Extracted information Block Start

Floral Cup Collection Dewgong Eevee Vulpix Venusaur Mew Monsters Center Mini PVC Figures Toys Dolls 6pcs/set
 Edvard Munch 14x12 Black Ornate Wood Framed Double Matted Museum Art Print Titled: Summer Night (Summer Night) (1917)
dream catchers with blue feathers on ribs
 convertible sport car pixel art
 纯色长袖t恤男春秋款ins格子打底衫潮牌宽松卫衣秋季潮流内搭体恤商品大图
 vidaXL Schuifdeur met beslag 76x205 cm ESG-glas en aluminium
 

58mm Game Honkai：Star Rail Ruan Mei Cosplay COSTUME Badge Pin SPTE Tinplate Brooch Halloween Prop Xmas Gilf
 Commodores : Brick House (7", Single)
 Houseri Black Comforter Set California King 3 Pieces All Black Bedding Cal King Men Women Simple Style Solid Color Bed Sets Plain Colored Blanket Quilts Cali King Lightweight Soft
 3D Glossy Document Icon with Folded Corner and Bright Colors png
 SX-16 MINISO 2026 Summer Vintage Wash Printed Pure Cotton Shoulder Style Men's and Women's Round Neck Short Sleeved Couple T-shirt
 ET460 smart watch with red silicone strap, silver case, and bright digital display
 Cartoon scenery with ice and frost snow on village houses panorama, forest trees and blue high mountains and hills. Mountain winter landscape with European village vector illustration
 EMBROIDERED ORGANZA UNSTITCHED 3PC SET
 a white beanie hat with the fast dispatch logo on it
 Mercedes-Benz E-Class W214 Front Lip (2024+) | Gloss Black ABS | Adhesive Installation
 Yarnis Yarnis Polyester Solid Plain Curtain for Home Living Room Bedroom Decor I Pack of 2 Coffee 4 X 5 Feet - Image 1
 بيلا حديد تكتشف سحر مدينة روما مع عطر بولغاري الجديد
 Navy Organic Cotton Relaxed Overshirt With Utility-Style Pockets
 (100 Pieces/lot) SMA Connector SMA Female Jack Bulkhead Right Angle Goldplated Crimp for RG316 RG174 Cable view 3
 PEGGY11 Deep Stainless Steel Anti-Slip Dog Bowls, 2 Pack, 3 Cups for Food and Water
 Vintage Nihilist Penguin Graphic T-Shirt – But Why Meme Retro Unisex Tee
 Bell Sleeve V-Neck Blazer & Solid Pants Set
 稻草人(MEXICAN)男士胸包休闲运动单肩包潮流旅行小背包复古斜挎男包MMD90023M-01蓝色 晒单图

Extracted information Block End

## What the exercise asks
Only the lines from the one containing "a white beanie" through the end of the material should be copied, exactly as they stand; please keep both ends.

## Exercise response
 a white beanie hat with the fast dispatch logo on it
 Mercedes-Benz E-Class W214 Front Lip (2024+) | Gloss Black ABS | Adhesive Installation
 Yarnis Yarnis Polyester Solid Plain Curtain for Home Living Room Bedroom Decor I Pack of 2 Coffee 4 X 5 Feet - Image 1
 بيلا حديد تكتشف سحر مدينة روما مع عطر بولغاري الجديد
 Navy Organic Cotton Relaxed Overshirt With Utility-Style Pockets
 (100 Pieces/lot) SMA Connector SMA Female Jack Bulkhead Right Angle Goldplated Crimp for RG316 RG174 Cable view 3
 PEGGY11 Deep Stainless Steel Anti-Slip Dog Bowls, 2 Pack, 3 Cups for Food and Water
 Vintage Nihilist Penguin Graphic T-Shirt – But Why Meme Retro Unisex Tee
 Bell Sleeve V-Neck Blazer & Solid Pants Set
 稻草人(MEXICAN)男士胸包休闲运动单肩包潮流旅行小背包复古斜挎男包MMD90023M-01蓝色 晒单图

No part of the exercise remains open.